AI Model Serving with Intel Gaudi

AI model serving involves deploying and managing machine learning models in a production environment, making them accessible for inference through an API or other interfaces. Each tool has its strengths and is tailored to specific needs, so the choice depends on the specific requirements of your AI application, the type of models you are deploying, and the performance characteristics you need. The following table describes the AI model serving tools with Intel® Gaudi® AI accelerators support:

Model Serving Tool

Description

Features

Use Cases

TorchServe

TorchServe is an open-source model serving framework for PyTorch. It allows you to deploy PyTorch models at scale.

  • Easy deployment of PyTorch models.

  • Multi-model serving and model versioning.

  • Built-in metrics for monitoring.

  • RESTful endpoints for inference.

When using PyTorch models and looking for a native serving solution. Suitable for batch and real-time inference. See TorchServe Inference Server with Gaudi.

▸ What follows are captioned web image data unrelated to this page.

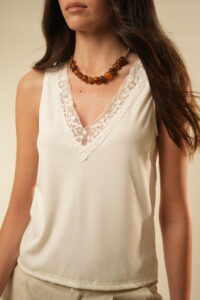 MUSCULOSA NASIRA - Imagen 3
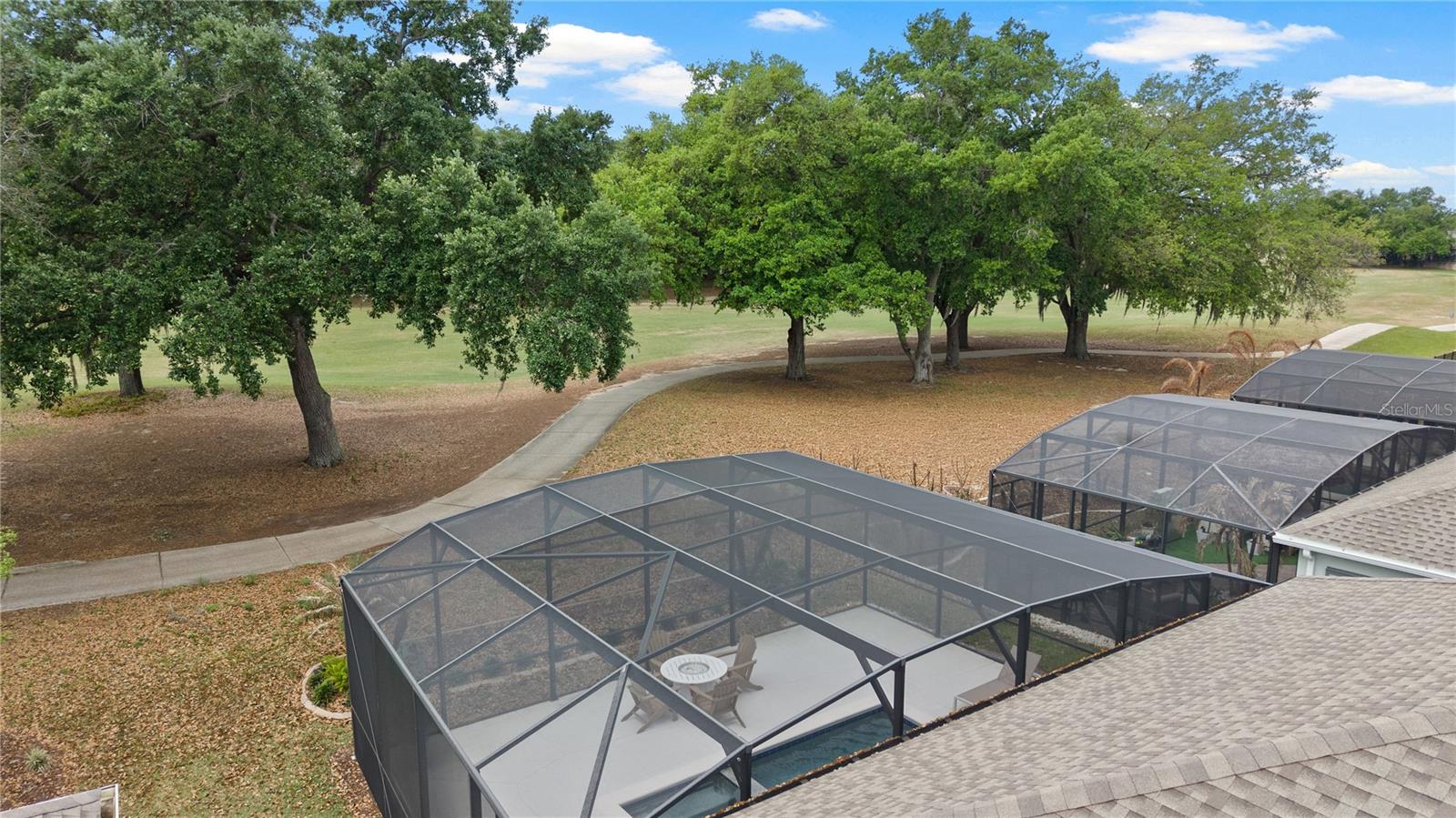 Single Family Residence at 7774 FOUR SEASONS BLVD, KISSIMMEE, photo 64 of 99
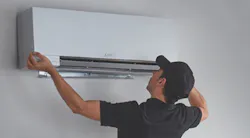 Metus Technician 60eca64c7b96c Metus Technician 60eca64c7b96c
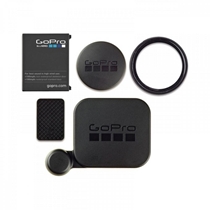 Kit Lente Protetora GoPro - ALCAK-302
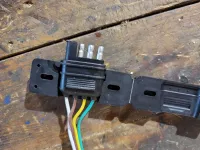 Bracket_Plug.jpg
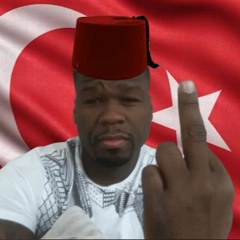 enjoyed there to help me with your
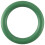 495PCS 36 Sizes O-ring Kit Black&Green Metric O ri 8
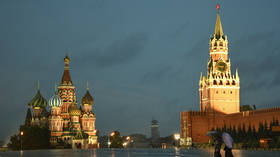 After seven years of sanctions & tense relationship with West, 57% of Russians say they feel isolated on the world stage – survey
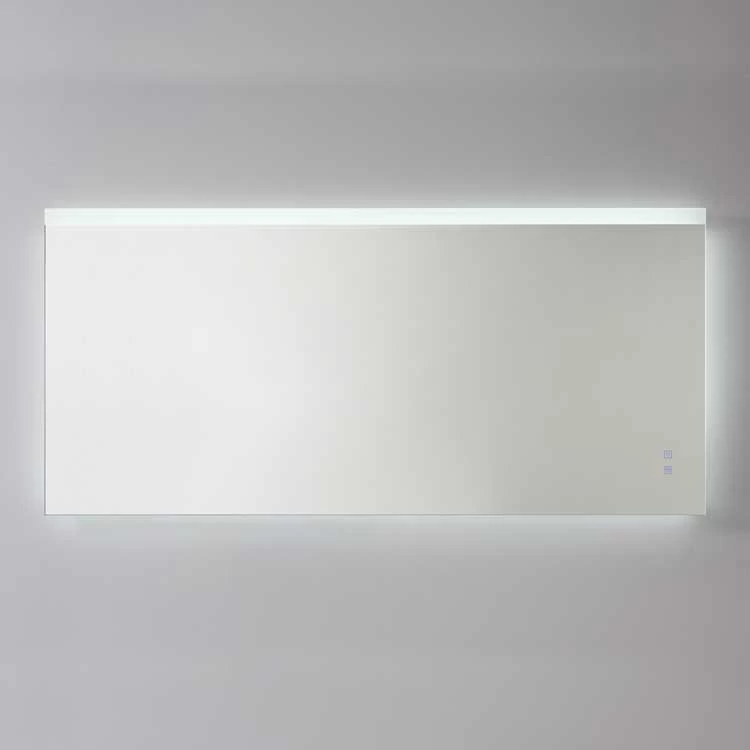 StoneArt Spiegel VE-1600J Indirekte Beleuchtung 160cm 3 StoneArt Spiegel VE-1600J Indirekte Beleuchtung 160cm – Bild 3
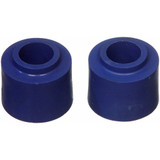 MOOG Chassis Products Suspension Control Arm Bushing P/N:K8613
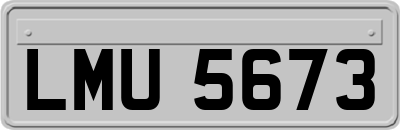 LMU5673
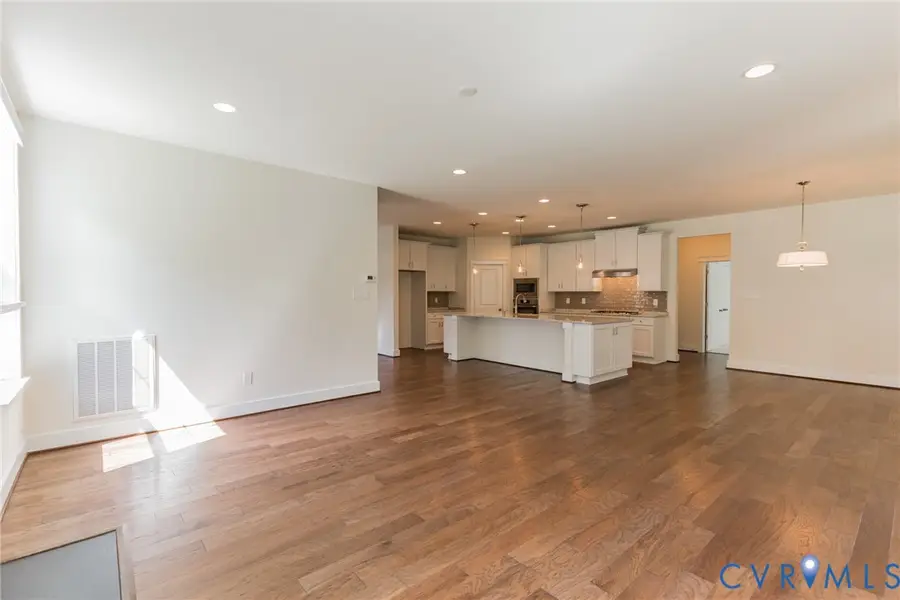 0001 Emily Jane Place, Quinton, VA 23141 - #3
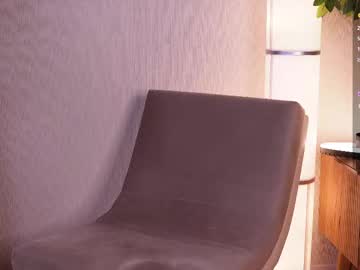 webcam girl lornafletcher image #9640566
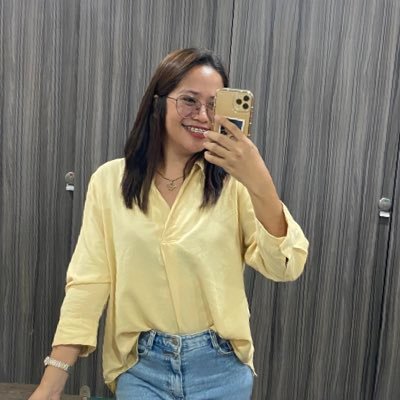 šCebu, Ph | EDW aDEEk|BlackRose | IG:mspanie18 ā tiktokshop: mspaniee18| tiktok:queentiffanyvilla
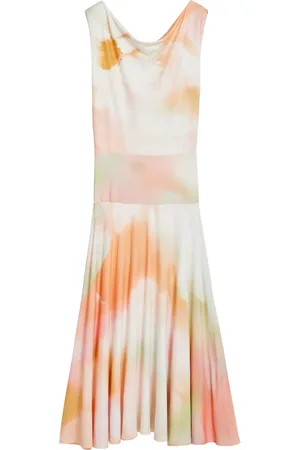 Desigual Kesämekko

Text Generation Inference (TGI)

Hugging Face’s Text Generation Inference (TGI) is an optimized serving solution for large language models, particularly those used in text generation.

  • Optimized for high throughput and low latency.

  • Supports large language models like GPT-3.

  • Integration with Hugging Face Transformers.

When serving large language models specifically for text generation tasks. Applications requiring high-performance text generation. See TGI-Gaudi fork on GitHub.

Virtual Large Language Model (vLLM)

vLLM is designed to efficiently serve large language models by virtualizing them, which helps in reducing the memory footprint and improving inference efficiency.

  • Efficient memory management for large models.

  • High throughput and low latency.

  • Supports model parallelism.

When deploying extremely large language models that exceed typical memory constraints. Scenarios requiring efficient resource utilization and high-performance serving. See Intel Gaudi vLLM fork on GitHub.

Triton (Inference Server)

Triton (Inference Server) is an open-source solution for fast and scalable model deployment that is used to serve models providing accelerated inference performance on HPUs.

  • Allows the building of model repositories that will be ready and optimized for inference requests.

  • Launched inside a Docker container, and includes models and metadata (configuration files, versions, etc.) needed to serve the models.

  • Handles user inference requests by managing model repos, HPU resources, and backends.

When there is a need to efficiently deploy multiple models with different requirements and configurations, while independently managing the serving configurations. See Triton Inference Server with Gaudi.